* **Exercise goal**:
Would it be possible to output exactly, and only, the lines below from the one holding "Há 25 anos, O" to the last line, both included, with every picture left out?

* **Source records**:

>>>

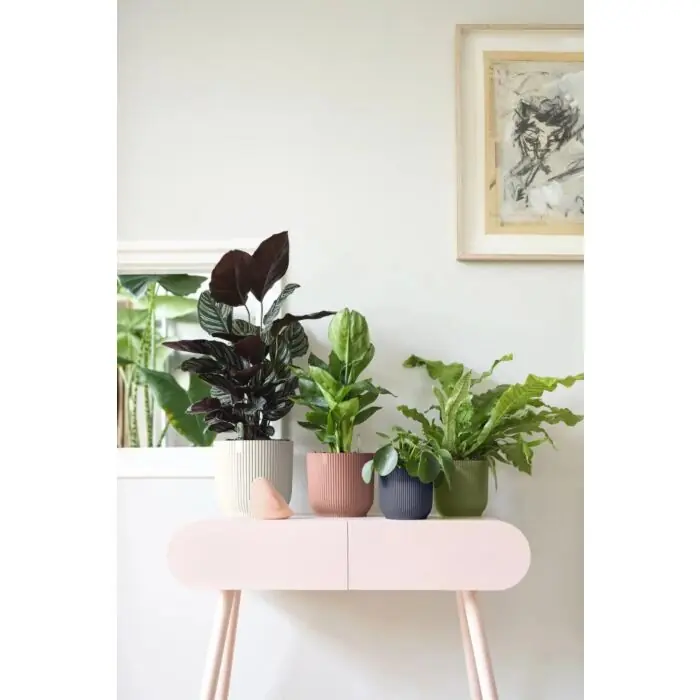 Blumentopf Vibes Fold rund anthrazit Ø 14 cm - Elho Neuheit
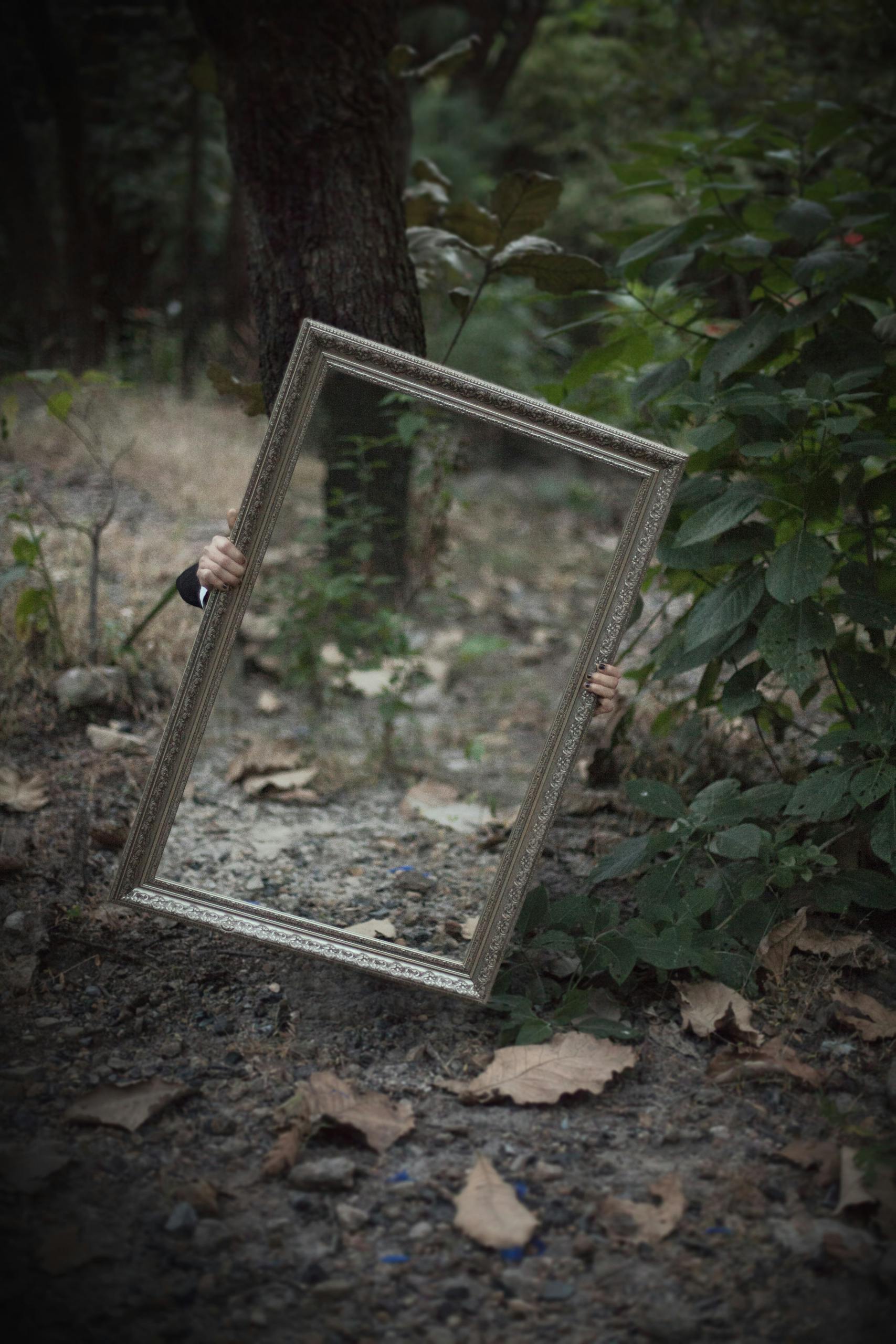 A mystical scene with a mirror reflecting forest foliage, hands mysteriously holding it.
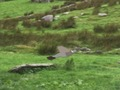 Jeu Chasse au pigeon  en ligne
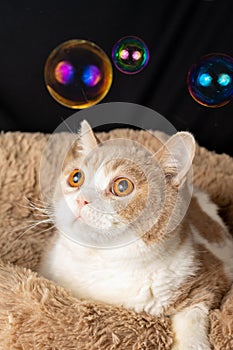 View of brown and white british shorthair cat lying down, looking at some soap bubbles, on black background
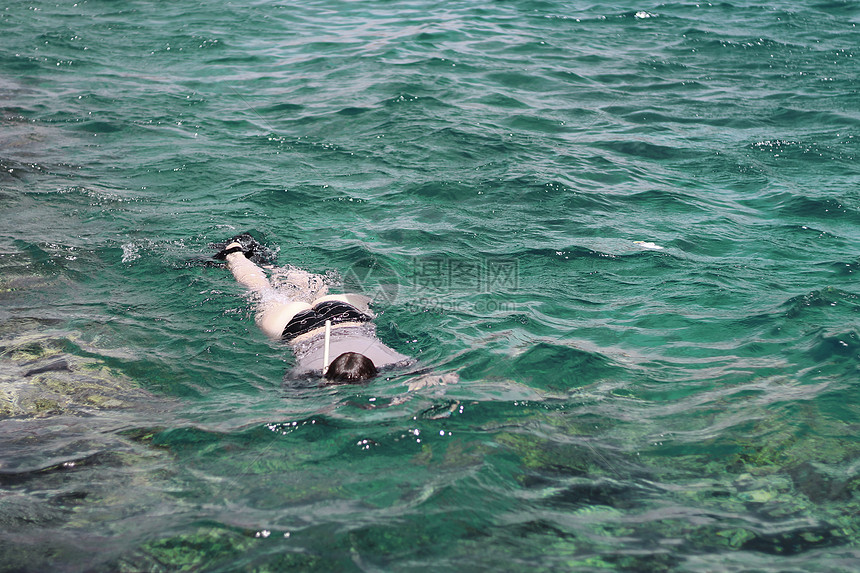女摄影师潜水进入红海水相机海洋女性潜水员游泳浮潜波浪脱水海浪照片图片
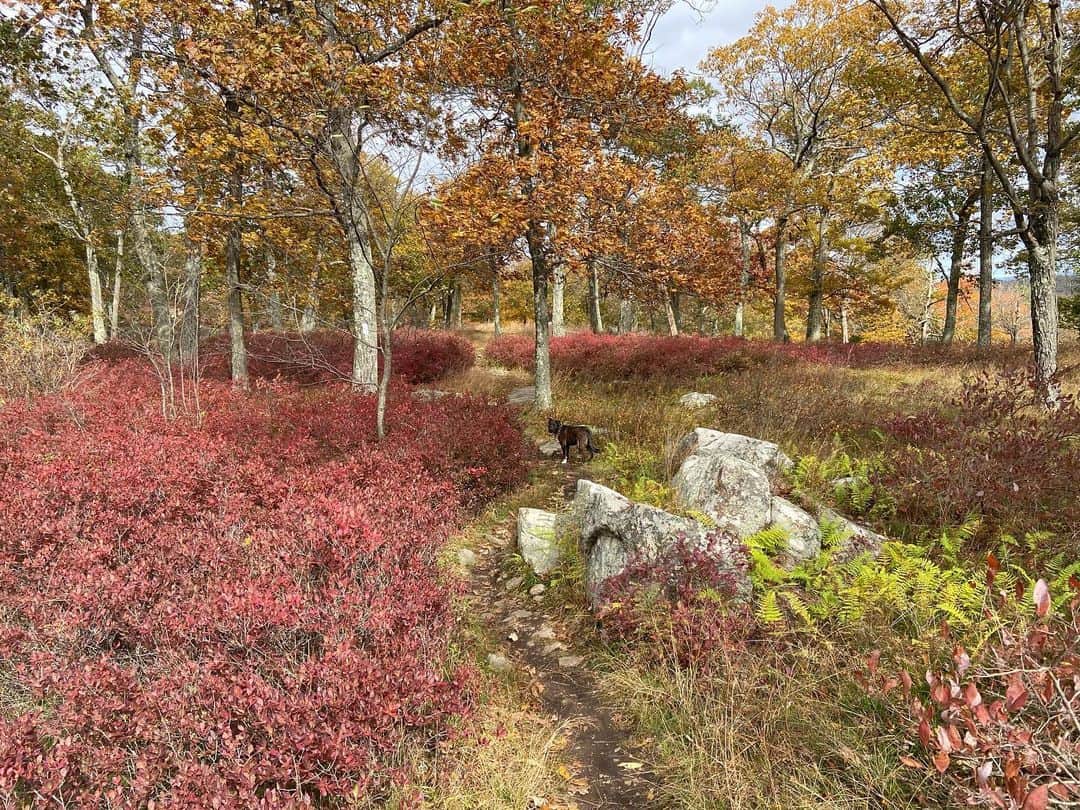 サイモン・ネスマンのインスタグラム：「Harriman State Park, October 2023」
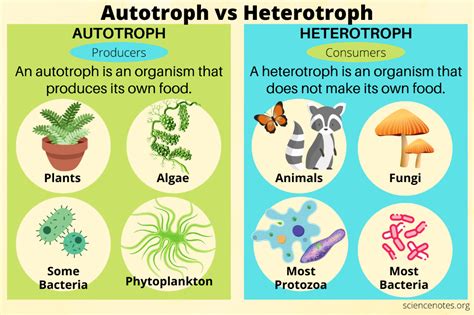 What's The Difference Between Autotroph And Heterotroph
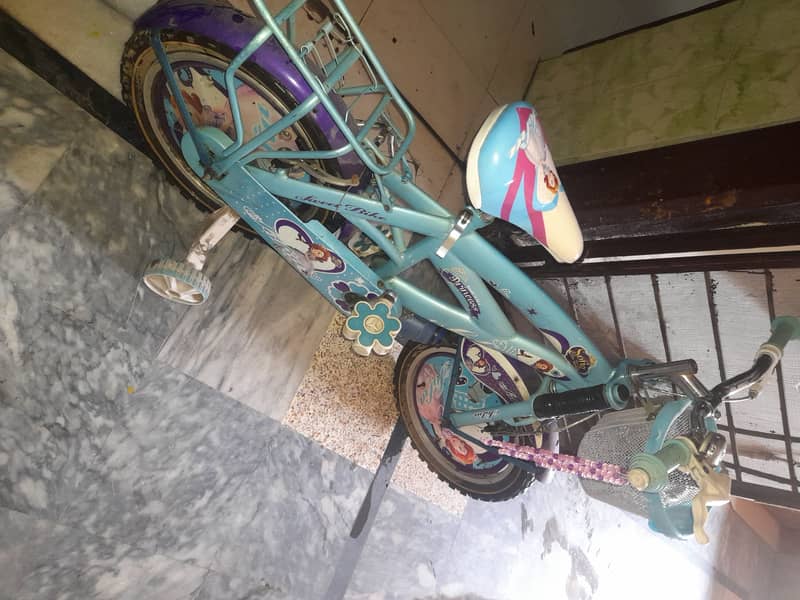 Kids bicycle 2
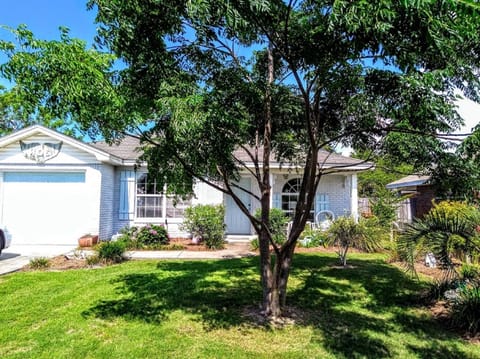 Front yard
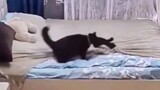 หลังจากที่แมวดำสอนบทเรียนแก่ลูกน้อยแล้ว เขาก็จัดผ้าปูที่นอนให้เรียบร้อยอีกด้วย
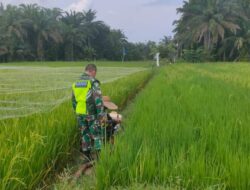 Babinsa 02/Karang Baru Bantu Petani Usir Hama Burung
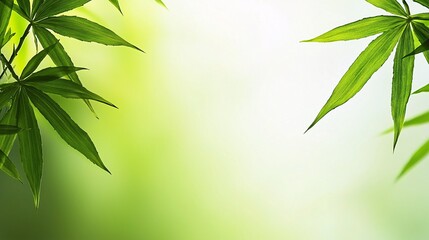 single bamboo leaf with delicate veins, isolated on a soft white background, emphasizing its simplicity. Bamboo leaves 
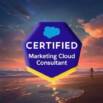Salesforce Marketing Cloud Consultant Practice Tests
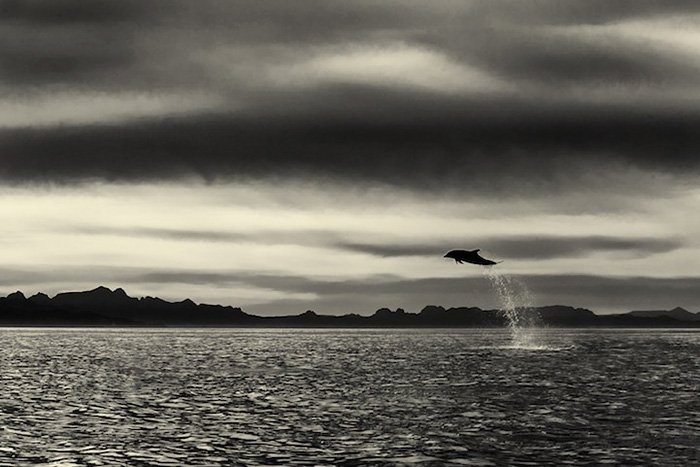 Há 25 anos, O fotógrafo inglês Christopher Swann registra baleias e golfinhos em vários lugares do mundo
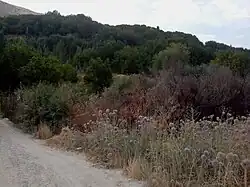 تصویری از طبیعت زیبای روستای دوراهان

<<<

* **Answer to the exercise**:
 Há 25 anos, O fotógrafo inglês Christopher Swann registra baleias e golfinhos em vários lugares do mundo
 تصویری از طبیعت زیبای روستای دوراهان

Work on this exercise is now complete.